Uziemienie nowych samolotów, z którymi wiązano spore nadzieje jako wsparciem lotniczym przeciwko walczącym z rządem różnorodnym partyzantkom, nie mogło zostać dobrze przyjęte w Naypyidaw. W maju ubiegłego roku do Mjanmy miał przybyć z Pakistanu samolot transportowy z ładunkiem części zamiennych do JF-17, ale dopiero we wrześniu przybył zespół techników z pakistańskich sił powietrznych. Ich zadaniem miało być zbudowanie symulatora JF-17 w bazie lotniczej w Pathein i rozwiązanie części problemów technicznych z samolotami tego typu.

Według indyjskiego serwisu Business Today junta ma być wściekła z powodu ciągłych kłopotów z myśliwcami i wysłała do Islamabadu „stanowczą wiadomość”. Miała nawet zaangażować w całą sprawę Pekin. Według niepotwierdzonych i na dobrą sprawę niemożliwych do weryfikacji źródeł Pakistan zaoferował renegocjację umowy. W grę ma wchodzić dostawa – nie wiadomo, na jakich warunkach – JF-17 w nowszej wersji Block 3. Pakistańskie lotnictwo odebrało pierwsze maszyny tej wersji w marcu tego roku.
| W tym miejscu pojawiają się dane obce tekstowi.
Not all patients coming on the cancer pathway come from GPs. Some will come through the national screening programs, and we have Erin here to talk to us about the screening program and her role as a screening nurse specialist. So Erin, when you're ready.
Indyjskie media nie bez satysfakcji zauważają, że doniesienia o problemach mjanmańskich JF-17 robią „czarny PR”, potencjalnie utrudniający sprzedaż myśliwców tego typu innym państwom. Mjanma była pierwszym klientem eksportowym, który nabył pakistańsko-chiński samolot. Następnie trzy egzemplarze zamówiła Nigeria. Pakistan usiłuje zainteresować swoją ofertą inne kraje Afryki, a także Ameryki Łacińskiej, na razie bezskutecznie.
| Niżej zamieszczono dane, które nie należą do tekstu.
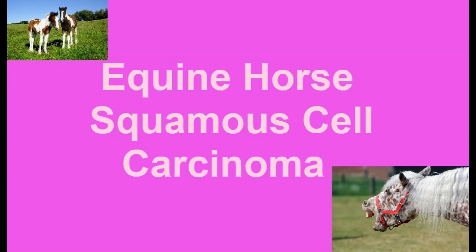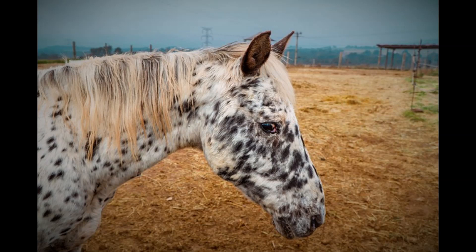Squamous cell carcinoma in equines. Squamous cell carcinomas are a frequently diagnosed skin cancer in horses, accounting for approximately 20% of all equine skin tumors.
Oczernianie JF-17 w Indiach to nie tylko Schadenfreude czy element rywalizacji z Pakistanem i Chinami. Ustalenie, jaki typ samolotu mjanmańskiego lotnictwa przypadkowo zrzucił bomby po indyjskiej stronie granicy na początku tego roku, stało się na internetowym polu walki kwestią dumy narodowej. W tej walce chodzi też o konkretne pieniądze. Indie ze swoim Tejasem celują dokładnie w ten sam segment rynku – niezamożne państwa poszukujące prostych i tanich, a zarazem względnie nowoczesnych samolotów bojowych. Czarny PR chińsko-pakistańskiego myśliwca może zwiększyć szanse indyjskiej konstrukcji.
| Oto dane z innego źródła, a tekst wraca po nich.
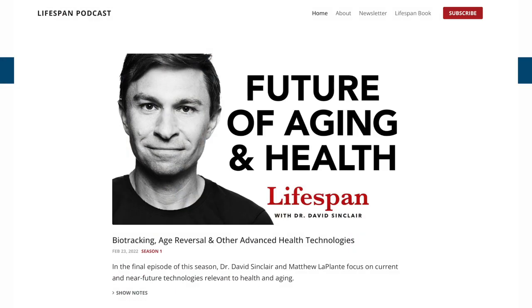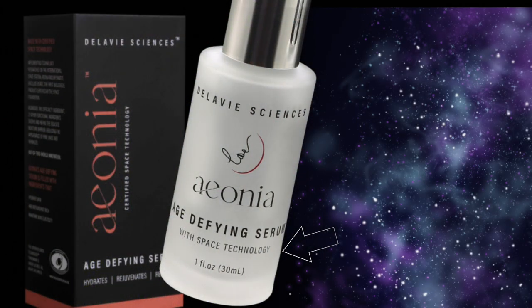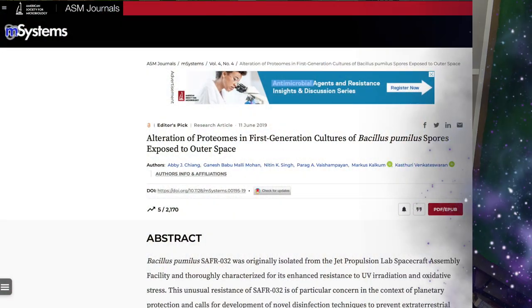Today I'm updating you on my opinions of the Ionia Age Defying Serum. David Sinclair is the co-founder and the bottle says 'certified space technology.' We talked about this in part one of this series — basically they found that when a certain bacteria was exposed to space conditions, it displayed enhanced UV absorption properties and other age-defying properties. It's now used in this skincare product. This video is all about my experience using it over the last three weeks.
O tym, że coś jest nie tak z JF-17, może świadczyć pozyskanie przez juntę chińskich samolotów FTC-2000G. Skala zamówienia nie jest znana, potwierdzono dostawę sześciu egzemplarzy w grudniu ubiegłego roku. FTC-2000 to wersja eksportowa opracowanego w zakładach lotniczych w Guizhou szkolno-bojowego JL-9. Na dobrą sprawę to najnowsza wersja rozwojowa MiG-a-21. Samolot powstał na bazie JJ-7/FT-7, czyli dwumiejscowej szkolno-bojowej wersja myśliwca Chengdu J-7, używanego przez mjanmańskie lotnictwo od lat 90.

FTC-2000G to wersja przystosowana do prowadzenia szkolenia LIFT i zadań bojowych, przede wszystkim atakowania celów naziemnych. To ostatnie zadanie miało być powierzone właśnie JF-17.